Turn your oven to 500 degrees F and get out a fifth small bowl. Make a paste consisting of those four egg yolks and lemon juice left from the Ramos Fizz. Add 1 tsp hot dry mustard, a crushed clove of garlic, 1 Tbl onion juice, and enough flour to make a stiff paste. (This is a procedure that seems to need clarification. Make the paste about the consistency of pancake batter for the first coat. After a couple of coats, I thin the paste a little, with water or any other fluid taht falls to hand. After a couple more coats, I thin a bit more, so that the final coats have about the consistency of whipping cream -REB) When the oven is red hot, put the bird in, breast down on the rack. Sip on your drink until the bird has begin to brown all over, then take it out and paint the bird all over with paste. Put it back in and turn the oven down to 350 degrees F. Let the paste set, then pull the bird out and paint again. Keep doing this until the paste is used up.

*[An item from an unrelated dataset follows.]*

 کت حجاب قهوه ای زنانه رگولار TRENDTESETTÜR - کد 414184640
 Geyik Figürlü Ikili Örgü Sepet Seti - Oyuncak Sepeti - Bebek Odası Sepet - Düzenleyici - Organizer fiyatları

Add a quart of cider or white wine to the stuff that's been simmering on the stove, This is your basting fluid. The turkey must be basted every 15 minutes. Don't argue. Set your timer and keep it up. (When confronted with the choice "do I baste from the juice under the bird or do I baste with the juice from the pot on the stove?" make certain that the juice under the bird neither dries out and burns, nor becomes so thin that gravy is weak. When you run out of bast, use cheap red wine. This critter makes incredible gravy! -REB) The bird should cook about 12 minutes per pound, basting every 15 minutes. Enlist the aid of your friends and family.
As the bird cooks, it will first get a light brown, then a dark brown, then darker and darker. After about 2 hours you will think I'm crazy. The bird will be turning black. (Newcomers to black turkey will think you are demented and drunk off your ass, which, if you've followed instructions, you are -REB) In fact, by the time it is finished, it will look as though we have ruined it. Take a fork and poke at the black cindery crust. Beneath, the bird will be a gorgeous mahogany, reminding one of those golden-browns found in precious Rembrandts. Stick the fork too deep, and the juice will gush to the ceiling. When you take it out, ready to carve it, you will find that you do not need a knife. A loud sound will cause the bird to fall apart like the walls of that famed biblical city. The moist flesh will drive you crazy, and the stuffing--well, there is nothing like it on this earth. You will make the gravy just like it as always done, adding the giblets and what is left of the basting fluid.
Sometime during the meal, use a moment to give thanks to Morton Thompson.
There is seldom, if ever, leftover turkey when this recipe is used. If there is, you'll find that the fowl retains its moisture for a few days. That's all there is to it. It's work, hard work--- but it's worth it.